The existence of the state machine in state U defines a use-signal 
interval, and during this interval, control circuitry 27 emits an active U 
signal as shown in FIG. 5. The U signal, as shown in FIG. 2, is applied to 
access grant circuitry 31 and up-date gate 34. During the time increment 
when the state machine exists in the U state, control circuitry receives 
from control bus 22 signals indicating which type of transaction is being 
initiated by one of the users 12. In accordance with these received 
signals, at the end of the period the state machine branches to one of 
several transaction completion states, denominated Z, each corresponding 
to one of the predefined transaction types. 
The transaction types A, B are representative of rather simple transactions 
such as effecting transfer of data from the initiating user to an 
input-output device. Longer and more complex transactions may also be 
defined and use as illustrated by transaction type C. For all transactions 
the state machine continues through a chain of successive transaction 
completion states as may be required to complete the particular 
transaction type which is in progress. When the state machine reaches the 
end of whatever chain it is following it reverts to state C and begins 
another contention interval. 
The Type D branch chain is of particular relevance to the present 
invention. Such a transaction is exemplified by an interrupt acknowledge 
transaction which may occur when a processor-user wishes to service an 
interrupt and initiates a Type D transaction to obtain needed information. 

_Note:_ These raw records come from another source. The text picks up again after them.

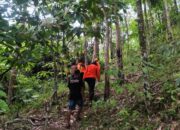 Pria Hilang di Hutan Sungai Durian Ditemukan Selamat oleh Tim SAR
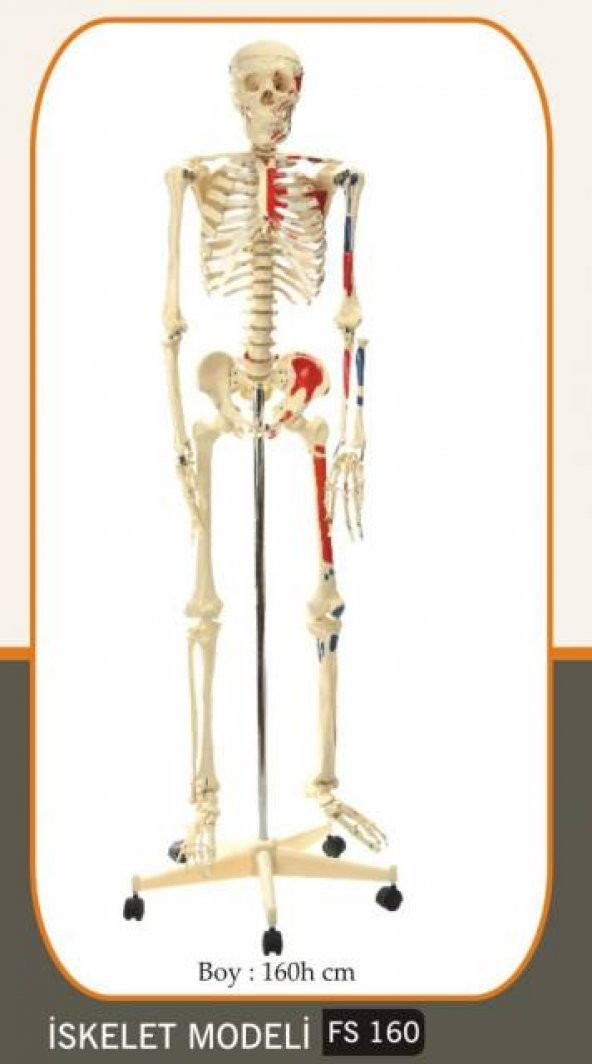 İnsan iskelet modeli 160 cm
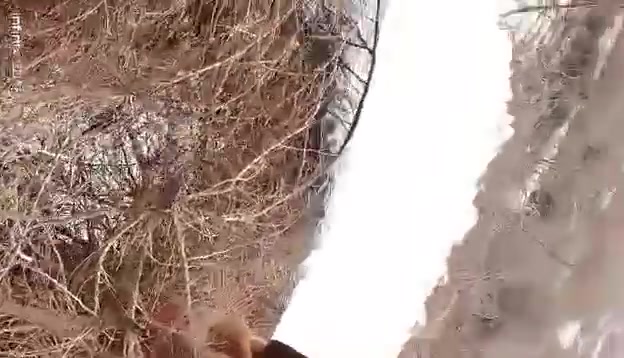 محرك • گراز خنزيره 12ب10 • الناصريه سيد دخيل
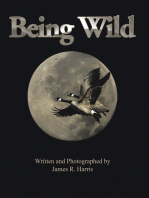 Being Wild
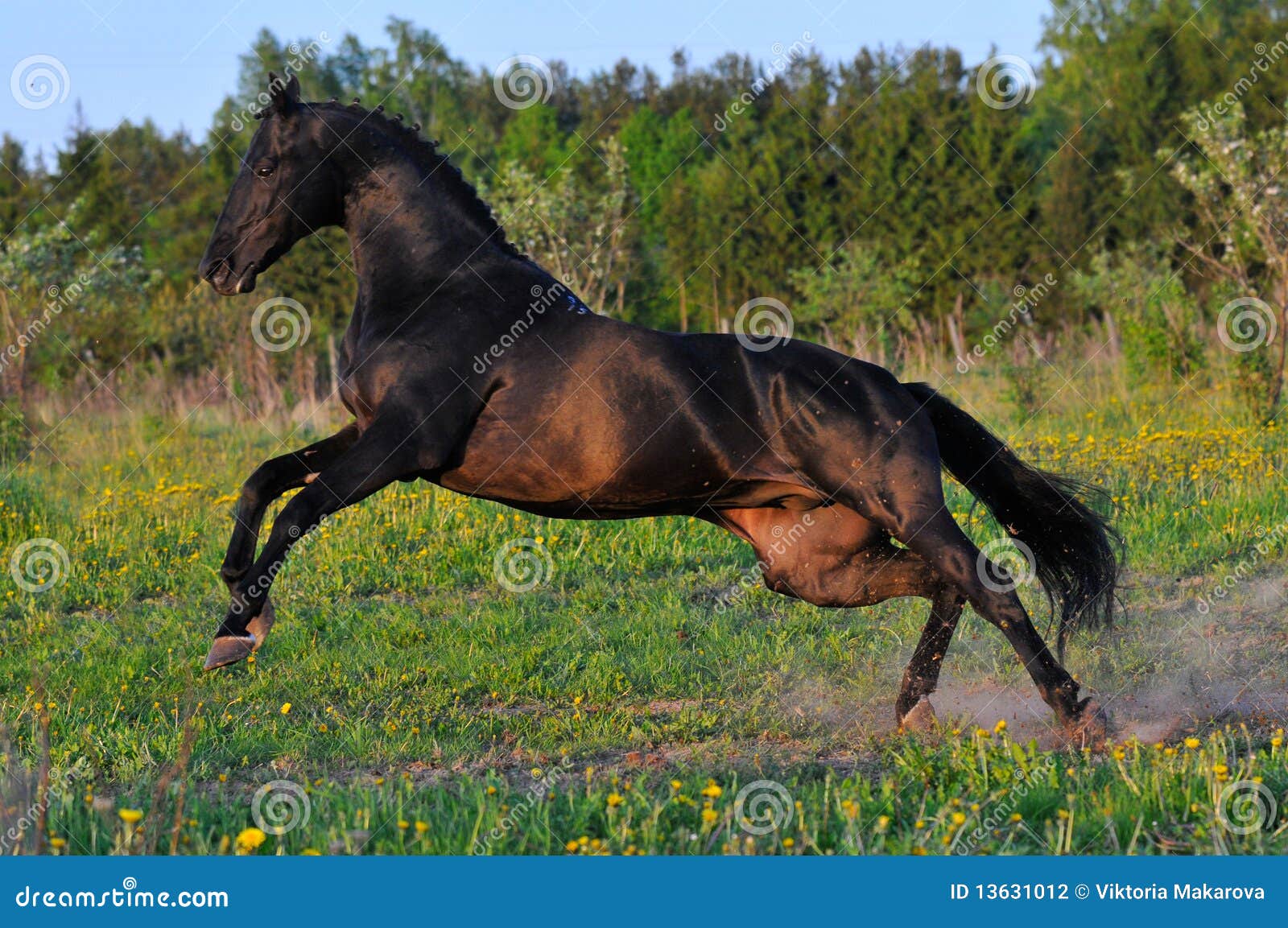 Black horse run gallop stock photo. Image of freedom 13631012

On branching according to a Type D transaction, the state machine enters 
state C'. The existence of the state machine in state C' defines a 
response bid interval, and during this interval control circuitry 27 emits 
an active C' signal which, as shown in FIG. 2, is applied to drive 
circuitry 28, access grant circuitry 31, and no-bid circuitry 33. 
At the end of the time increment for existence in state C' (marked by the A 
clock), if control circuitry 27 has received an active no-bid signal X 
from no-bid circuitry 33 it reenters state C; absent the no-bid signal it 
shifts to state V. 
The existence of the state machine in the V state defines a response 
enablement interval, and during this interval control circuitry 27 emits 
the V signal, which, as shown in FIG. 2, is applied to access grant 
circuitry 31. 
At the end of its period in the V state the state machine returns to state 
C shown at the top of FIG. 6. 
Control circuitry 27 also is responsive to a "wait" signal received from 
the control bus during any of the states to causes the state machine to 
reenter a state rather than progressing to the next state. This feature 
permits any user that is unready to keep up with the standard transaction 
pace to delay the advance of state machines in all controllers by 
transmitting the wait signal on the control bus. 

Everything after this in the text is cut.